SAN FRANCISCO (08/29/2000) - Scott Ross wanted to be a jazz musician. "But I kept having a dream that I'd wake up and be 40 years old, wearing a black, shiny suit, stinking of cigarettes and playing 'Hava Nagila' at bar mitzvahs," he says. So Ross opted for a career in special effects instead. Things have worked out pretty well: Ross is cofounder of Digital Domain, a special effects outfit. He may not be available for weddings and bar mitzvahs, but his special-effects gig gives Ross, who bought his first Mac in 1984, a front-row seat for the technology revolution sweeping moviemaking.
Macworld: How does Digital Domain use Macs?
Ross: We have a smattering of Macintoshes that sit on our lead creators' desktops. They act not only as administrative computers, but as creative work environments where staffers can take images and do rough composites, storyboards, and small animations in a preproduction environment. I would say every executive, every head creative person, every administrative person has a Mac on their desk.... Unfortunately, we have not really used Macintoshes in creating special effects. What we use Macintosh platforms for is e-mail, the Internet, editing, storyboarding, some rough compositing, and some preproduction material and graphic art, such as single-frame graphics we'll produce.

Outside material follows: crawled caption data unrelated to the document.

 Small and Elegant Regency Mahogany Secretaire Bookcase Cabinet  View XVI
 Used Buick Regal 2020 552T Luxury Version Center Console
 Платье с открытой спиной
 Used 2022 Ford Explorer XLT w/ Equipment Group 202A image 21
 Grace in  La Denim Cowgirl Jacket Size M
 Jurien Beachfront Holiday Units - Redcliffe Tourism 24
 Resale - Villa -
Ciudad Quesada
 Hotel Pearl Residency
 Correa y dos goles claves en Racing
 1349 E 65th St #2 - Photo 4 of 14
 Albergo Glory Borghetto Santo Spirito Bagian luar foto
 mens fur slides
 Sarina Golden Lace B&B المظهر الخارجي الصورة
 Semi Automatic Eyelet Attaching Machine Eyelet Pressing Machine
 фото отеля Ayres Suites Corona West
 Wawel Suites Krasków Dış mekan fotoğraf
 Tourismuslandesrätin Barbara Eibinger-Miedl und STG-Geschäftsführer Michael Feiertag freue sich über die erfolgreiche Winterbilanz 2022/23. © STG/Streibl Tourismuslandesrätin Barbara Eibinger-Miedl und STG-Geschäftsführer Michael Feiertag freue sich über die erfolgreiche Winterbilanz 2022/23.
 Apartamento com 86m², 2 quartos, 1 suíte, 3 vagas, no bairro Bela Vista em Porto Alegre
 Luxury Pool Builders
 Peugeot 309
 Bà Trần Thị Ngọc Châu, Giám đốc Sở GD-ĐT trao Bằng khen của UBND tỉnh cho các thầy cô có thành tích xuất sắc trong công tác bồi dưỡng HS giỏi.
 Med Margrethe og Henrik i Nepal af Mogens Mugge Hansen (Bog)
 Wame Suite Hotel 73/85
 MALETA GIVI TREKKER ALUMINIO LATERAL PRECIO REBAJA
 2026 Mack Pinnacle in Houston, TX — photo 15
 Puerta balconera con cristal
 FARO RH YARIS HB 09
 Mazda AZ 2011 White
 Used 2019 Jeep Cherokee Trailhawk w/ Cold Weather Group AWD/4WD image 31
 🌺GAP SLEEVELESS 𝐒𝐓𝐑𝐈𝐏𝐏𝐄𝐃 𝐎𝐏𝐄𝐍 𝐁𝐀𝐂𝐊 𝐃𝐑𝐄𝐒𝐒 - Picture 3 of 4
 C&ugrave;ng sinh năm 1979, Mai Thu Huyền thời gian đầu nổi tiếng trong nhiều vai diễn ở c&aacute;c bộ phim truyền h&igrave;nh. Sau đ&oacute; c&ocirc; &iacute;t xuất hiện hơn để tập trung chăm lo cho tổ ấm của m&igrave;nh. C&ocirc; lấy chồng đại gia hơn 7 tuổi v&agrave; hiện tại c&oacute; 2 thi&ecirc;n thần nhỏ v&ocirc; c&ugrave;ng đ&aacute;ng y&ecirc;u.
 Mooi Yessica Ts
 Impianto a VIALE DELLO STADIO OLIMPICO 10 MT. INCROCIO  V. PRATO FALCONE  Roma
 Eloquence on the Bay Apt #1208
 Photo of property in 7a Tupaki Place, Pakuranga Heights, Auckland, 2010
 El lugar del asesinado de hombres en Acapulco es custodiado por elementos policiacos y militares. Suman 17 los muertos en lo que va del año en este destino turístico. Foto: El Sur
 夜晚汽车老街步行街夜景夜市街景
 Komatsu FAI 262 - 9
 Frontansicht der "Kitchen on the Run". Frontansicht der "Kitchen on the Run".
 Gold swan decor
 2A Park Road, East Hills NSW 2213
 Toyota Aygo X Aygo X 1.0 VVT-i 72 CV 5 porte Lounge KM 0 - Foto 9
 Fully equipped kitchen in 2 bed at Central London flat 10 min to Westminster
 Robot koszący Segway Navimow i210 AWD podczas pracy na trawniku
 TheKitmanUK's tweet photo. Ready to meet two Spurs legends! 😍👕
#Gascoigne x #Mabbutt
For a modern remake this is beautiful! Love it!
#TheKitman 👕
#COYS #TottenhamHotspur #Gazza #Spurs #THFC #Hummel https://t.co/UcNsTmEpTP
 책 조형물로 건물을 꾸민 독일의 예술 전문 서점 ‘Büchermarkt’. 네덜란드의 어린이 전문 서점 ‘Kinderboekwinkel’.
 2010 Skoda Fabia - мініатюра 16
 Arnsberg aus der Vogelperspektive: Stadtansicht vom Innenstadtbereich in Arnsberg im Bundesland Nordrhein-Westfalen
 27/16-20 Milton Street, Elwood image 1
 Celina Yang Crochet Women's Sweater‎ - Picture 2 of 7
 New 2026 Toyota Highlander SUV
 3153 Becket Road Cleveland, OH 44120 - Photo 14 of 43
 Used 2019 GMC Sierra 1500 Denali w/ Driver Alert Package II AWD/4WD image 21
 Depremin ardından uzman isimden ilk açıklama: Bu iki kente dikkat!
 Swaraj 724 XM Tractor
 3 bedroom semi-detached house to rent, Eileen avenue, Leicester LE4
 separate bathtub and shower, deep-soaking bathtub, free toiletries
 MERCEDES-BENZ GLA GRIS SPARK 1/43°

Macworld: What additions to the Mac would make it more special-effects friendly?
Ross: In terms of what the Macintosh does today as opposed to the other platforms available, it does [special effects] better than anything else. It's not really an issue regarding hardware. It's an issue regarding software applications ported to the hardware. Today in the high-end visual-effects area, there really isn't [much] software available on the Mac platformÑand a lot of it is legacy software. I hope that people like Discrete Logic, Soft Image, and Houdini start porting their products to a Mac platform. And I'd like a better interface. I'm tired of clicking and pointing.
Macworld: What would you change?
Ross: How wonderful it would be to build an object in virtual space, wearing some sort of 3-D glasses and using tracking software to actually walk around the object and see what it looks like in the same way that a sculptor models a lump of clay.